### TRY IT
Please print every record below exactly as written, leaving out the pictures.

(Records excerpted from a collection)

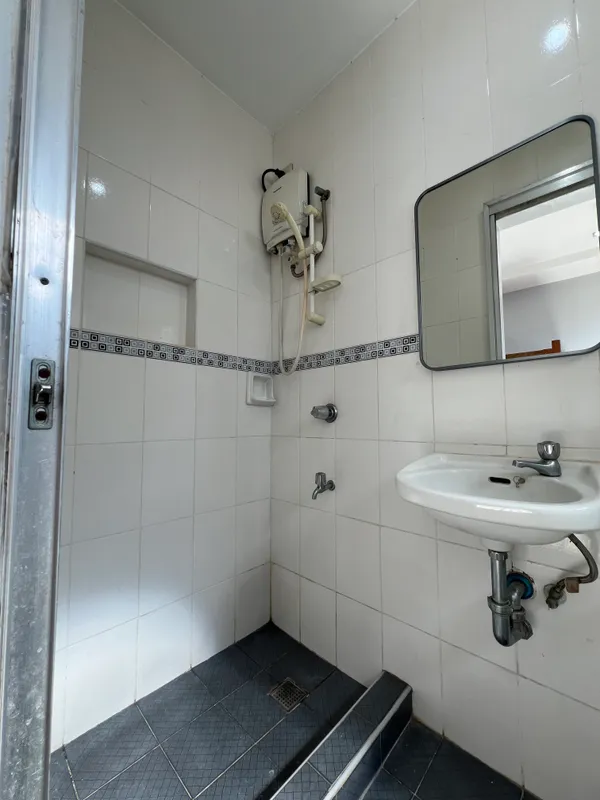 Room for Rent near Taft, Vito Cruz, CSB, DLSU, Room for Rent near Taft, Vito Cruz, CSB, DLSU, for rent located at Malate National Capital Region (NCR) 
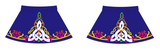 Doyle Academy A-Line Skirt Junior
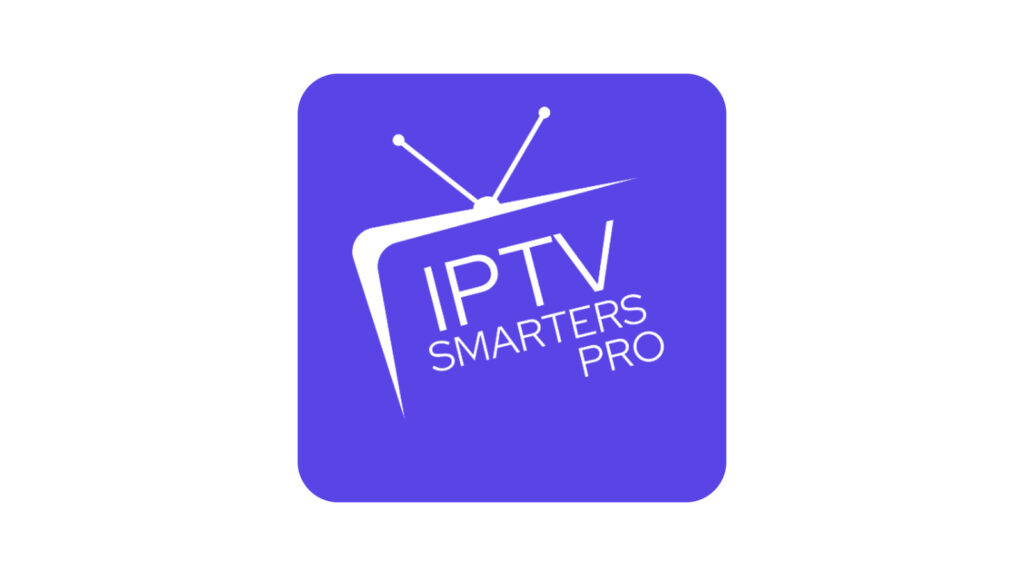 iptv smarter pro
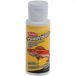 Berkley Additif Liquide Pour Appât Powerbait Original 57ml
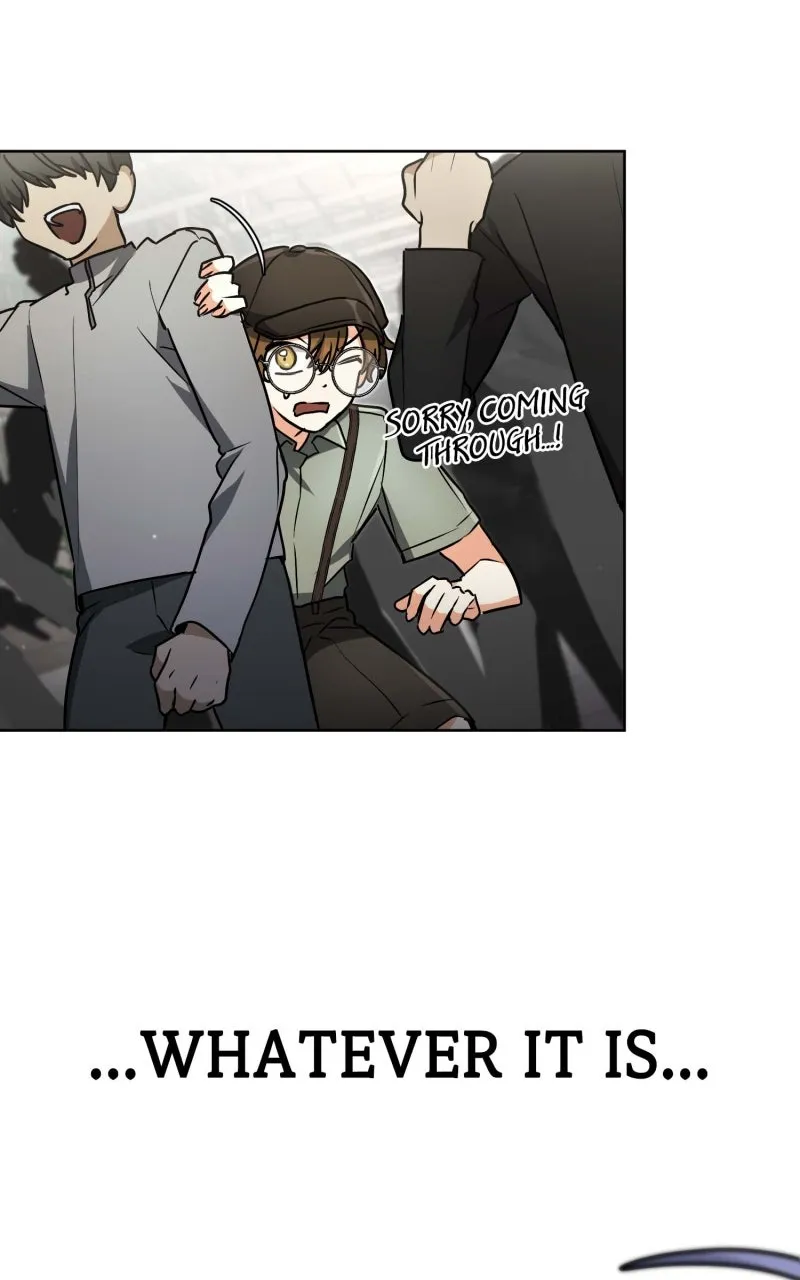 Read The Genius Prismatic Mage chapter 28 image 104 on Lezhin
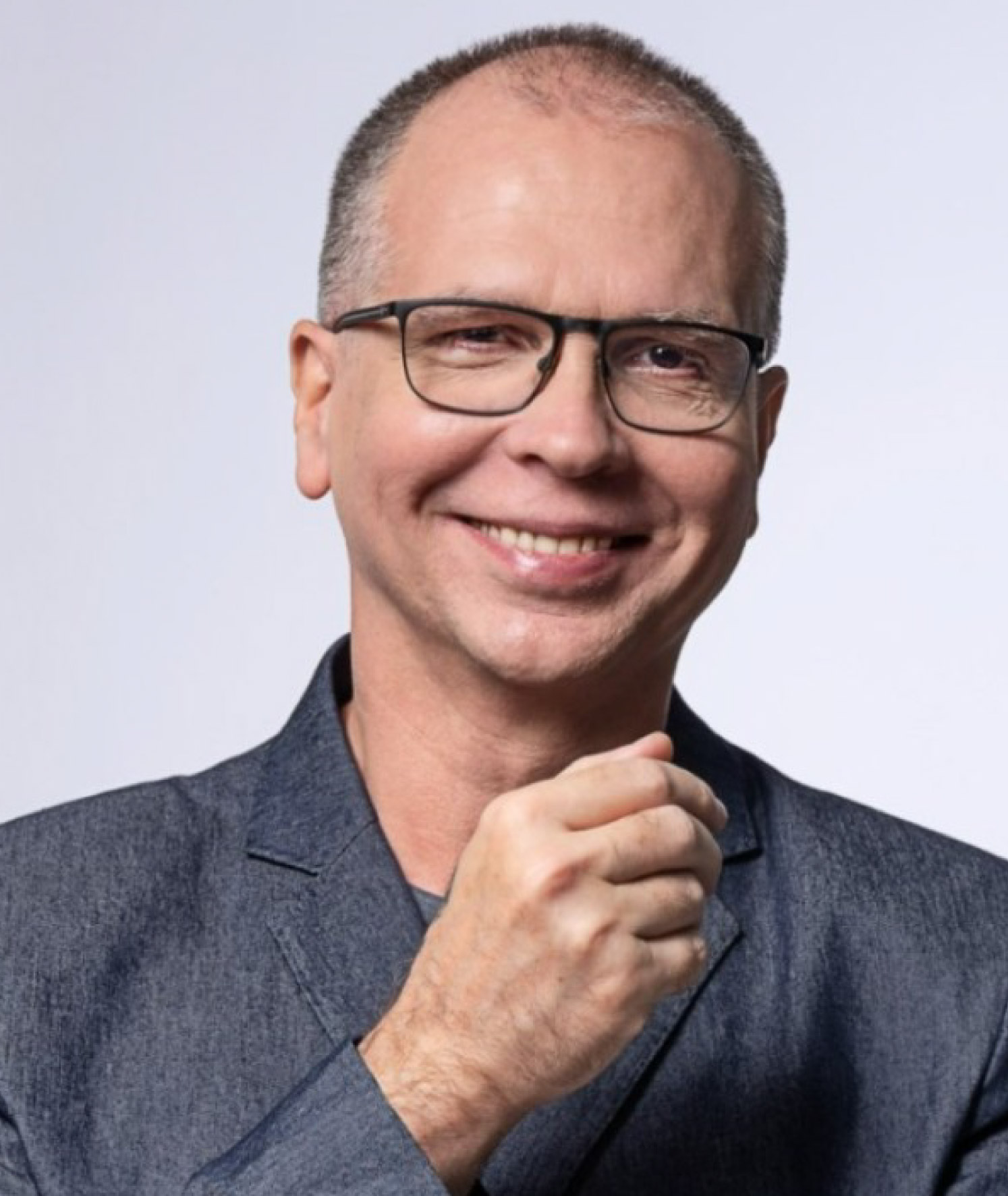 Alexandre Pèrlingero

### ANSWER AREA
 Room for Rent near Taft, Vito Cruz, CSB, DLSU, Room for Rent near Taft, Vito Cruz, CSB, DLSU, for rent located at Malate National Capital Region (NCR) 
 Doyle Academy A-Line Skirt Junior
 iptv smarter pro
 Berkley Additif Liquide Pour Appât Powerbait Original 57ml
 Read The Genius Prismatic Mage chapter 28 image 104 on Lezhin
 Alexandre Pèrlingero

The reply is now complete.